Mes observations d’aujourd’hui seraient incomplètes sans une référence aux circonstances internationales difficiles dans lesquelles nous nous réunissons. L’impact économique du conflit en Iraq, en particulier sur les pays en développement, suscite de graves préoccupations. L’économie mondiale se relève avec peine du ralentissement de 2001, recul le plus important enregistré en une décennie. Le chômage a considérablement augmenté dans le monde entier. Les ménages et les entrepreneurs sont presque partout préoccupés par leur avenir et hésitent à prendre des décisions à long terme. Nous devons tous faire notre part pour rétablir la confiance à l’échelle mondiale.
Un des premiers défis à relever est de faire aboutir le nouveau cycle de négociations commerciales lancé à Doha. Pourtant, nous risquons de ne pas réussir. Dans les deux secteurs où des progrès sont essentiels pour donner aux pauvres l’espoir d’un avenir meilleur - la santé publique et l’agriculture - les Gouvernements n’ont pas tenu les promesses faites à Doha. Le secteur agricole est particulièrement crucial, non seulement pour le succès des négociations de Doha, mais aussi parce qu’il met à l’épreuve la cohérence des politiques de développement des pays développés. Depuis de nombreuses années maintenant, les pays en développement sont encouragés à éliminer les aides publiques, comme mesure nécessaire à la mise en ordre de leurs finances, laquelle contribuerait à créer les conditions indispensables à la croissance.
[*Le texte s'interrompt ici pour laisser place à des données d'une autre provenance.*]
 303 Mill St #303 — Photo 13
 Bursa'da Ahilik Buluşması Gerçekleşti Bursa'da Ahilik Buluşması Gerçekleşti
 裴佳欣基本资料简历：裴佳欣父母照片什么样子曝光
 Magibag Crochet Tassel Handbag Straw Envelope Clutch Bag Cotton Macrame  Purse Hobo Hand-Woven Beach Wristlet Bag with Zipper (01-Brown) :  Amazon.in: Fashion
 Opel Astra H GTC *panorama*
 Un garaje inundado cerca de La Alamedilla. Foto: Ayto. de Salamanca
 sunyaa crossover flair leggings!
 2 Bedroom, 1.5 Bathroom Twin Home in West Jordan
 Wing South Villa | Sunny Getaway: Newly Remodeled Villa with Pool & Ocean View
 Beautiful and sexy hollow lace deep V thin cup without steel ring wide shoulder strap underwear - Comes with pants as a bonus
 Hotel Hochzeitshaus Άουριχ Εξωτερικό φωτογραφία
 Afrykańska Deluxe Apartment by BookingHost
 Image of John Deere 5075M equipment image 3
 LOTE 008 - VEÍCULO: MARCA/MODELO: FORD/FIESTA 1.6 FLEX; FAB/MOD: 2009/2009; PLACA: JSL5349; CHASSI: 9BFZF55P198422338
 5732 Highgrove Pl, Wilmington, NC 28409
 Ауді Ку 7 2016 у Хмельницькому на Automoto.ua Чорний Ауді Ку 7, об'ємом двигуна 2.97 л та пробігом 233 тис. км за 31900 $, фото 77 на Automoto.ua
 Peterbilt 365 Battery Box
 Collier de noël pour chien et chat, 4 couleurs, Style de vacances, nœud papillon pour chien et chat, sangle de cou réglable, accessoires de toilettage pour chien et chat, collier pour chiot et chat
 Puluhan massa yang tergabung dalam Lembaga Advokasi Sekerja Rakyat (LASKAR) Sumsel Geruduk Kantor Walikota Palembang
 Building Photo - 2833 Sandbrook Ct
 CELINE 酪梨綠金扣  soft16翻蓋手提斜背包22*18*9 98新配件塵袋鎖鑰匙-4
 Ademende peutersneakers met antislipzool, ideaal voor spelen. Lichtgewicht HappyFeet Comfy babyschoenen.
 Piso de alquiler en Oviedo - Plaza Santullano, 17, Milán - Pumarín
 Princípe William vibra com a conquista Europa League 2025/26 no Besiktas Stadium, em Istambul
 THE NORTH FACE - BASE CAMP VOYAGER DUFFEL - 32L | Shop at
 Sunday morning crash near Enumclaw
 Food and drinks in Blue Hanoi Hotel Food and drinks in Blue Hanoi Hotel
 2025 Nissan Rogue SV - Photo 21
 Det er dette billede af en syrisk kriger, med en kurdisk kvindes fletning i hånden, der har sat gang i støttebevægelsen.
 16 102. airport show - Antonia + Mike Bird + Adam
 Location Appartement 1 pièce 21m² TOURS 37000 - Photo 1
Pourtant, les pays développés maintiennent leurs propres subventions et les barrières douanières qu’ils érigent contre les exportations des pays en développement. Ce faisant, ils réduisent et même annulent les bienfaits d’autres formes de coopération avec ces mêmes pays. J’exhorte les pays développés à réduire très fortement et sans délai les subventions agricoles. Une telle mesure serait bénéfique à l’économie mondiale. Elle supprimerait les distorsions internes et internationales des échanges et contribuerait à dynamiser les négociations de Doha qui en ont grand besoin, indiquant aux pays en développement qu’ils peuvent encore espérer la série de négociations sur le développement qui leur a été promise.
Cela me ramène à la nature de notre réunion. À Monterrey, les chefs d’État et de gouvernement et les hauts fonctionnaires ont promis de tenir leurs engagements et de recourir à l’ONU pour la poursuite de leur dialogue. En fait, le Consensus de Monterrey a mis en lumière une lacune majeure dans la gouvernance mondiale : il n’existe pas en effet de mécanisme permettant aux principales institutions multilatérales spécialisées dans les questions monétaires, financières, commerciales et de développement de se réunir afin d’examiner les moyens de travailler ensemble et de renforcer mutuellement leur action. L’ONU est le cadre naturel pour ce débat et cette réunion tente précisément d’offrir une telle occasion.
J’attends donc ce dialogue avec beaucoup d’intérêt. En même temps, n’oublions pas que l’intention du Consensus de Monterrey était de renforcer l’efficacité de cette réunion. C’est pourquoi notre note vous demande de réfléchir aux moyens d’améliorer la réunion et son processus préparatoire pour l’année prochaine.
Je suis personnellement résolu, et avec moi tout le Secrétariat, à vous aider à mettre en place un processus multilatéral efficace - ouvert, inclusif et efficace - qui aidera la communauté mondiale à atteindre ses objectifs de développement.